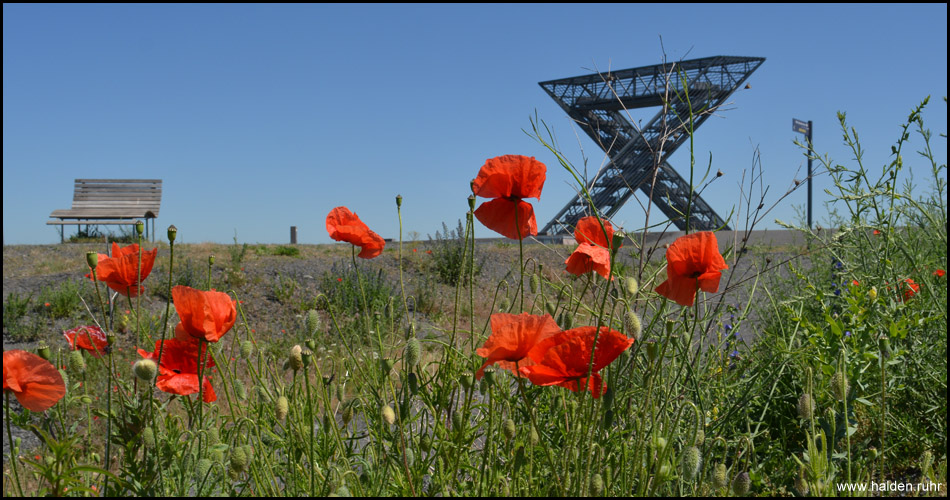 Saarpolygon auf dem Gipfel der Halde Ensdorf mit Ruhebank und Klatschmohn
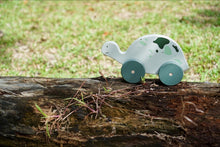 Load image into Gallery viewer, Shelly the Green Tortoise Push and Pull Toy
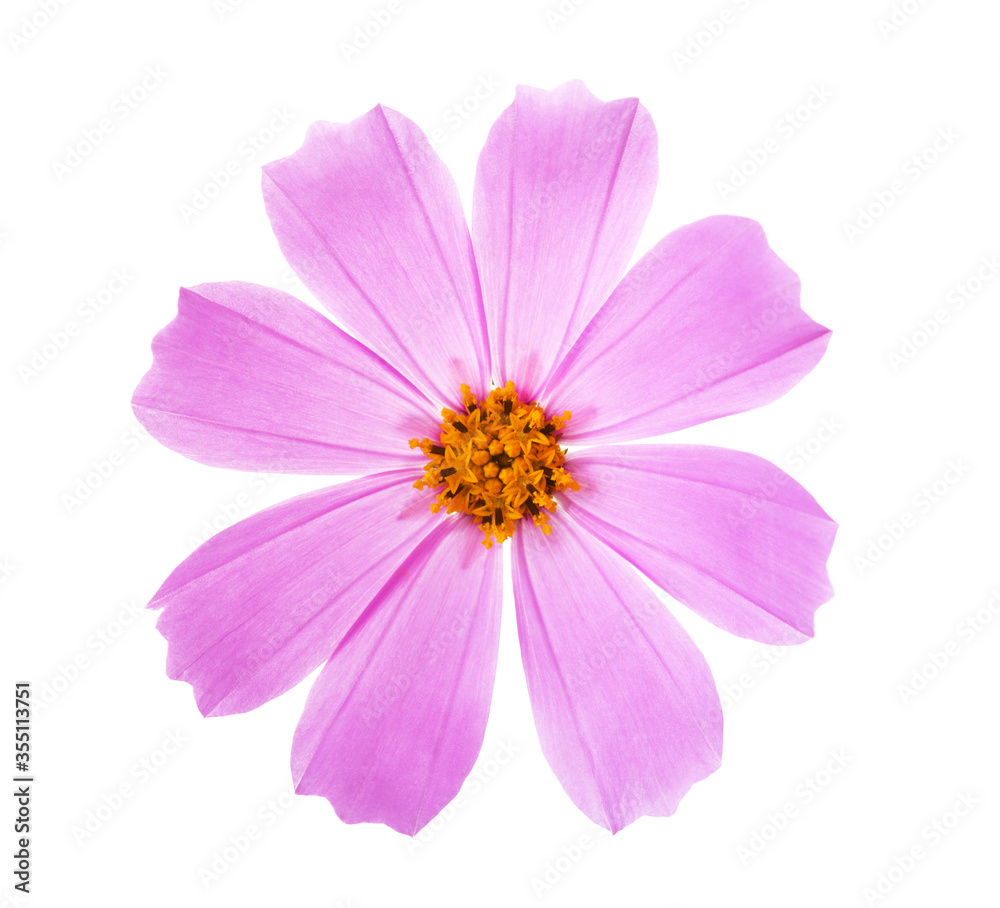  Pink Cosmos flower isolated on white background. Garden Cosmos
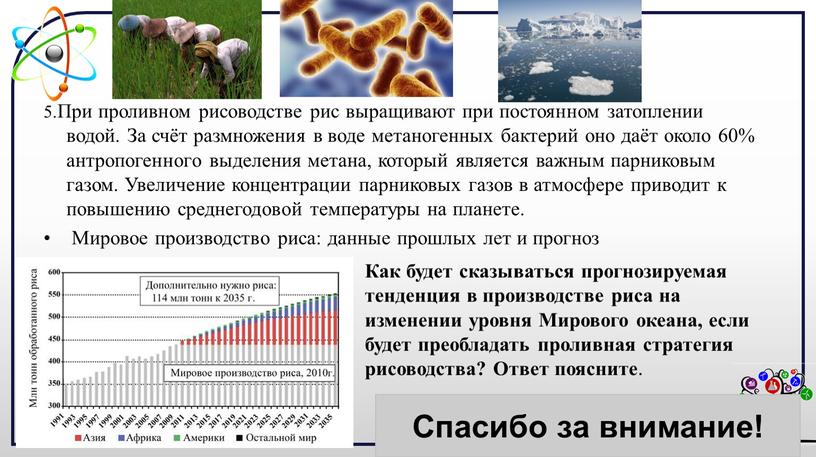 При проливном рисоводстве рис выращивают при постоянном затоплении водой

* [TASK PROMPT] When you reach an image, pass over it, and retype all other material exactly.

* [YOUR RESPONSE]
 Saarpolygon auf dem Gipfel der Halde Ensdorf mit Ruhebank und Klatschmohn
 Load image into Gallery viewer, Shelly the Green Tortoise Push and Pull Toy
  Pink Cosmos flower isolated on white background. Garden Cosmos
 При проливном рисоводстве рис выращивают при постоянном затоплении водой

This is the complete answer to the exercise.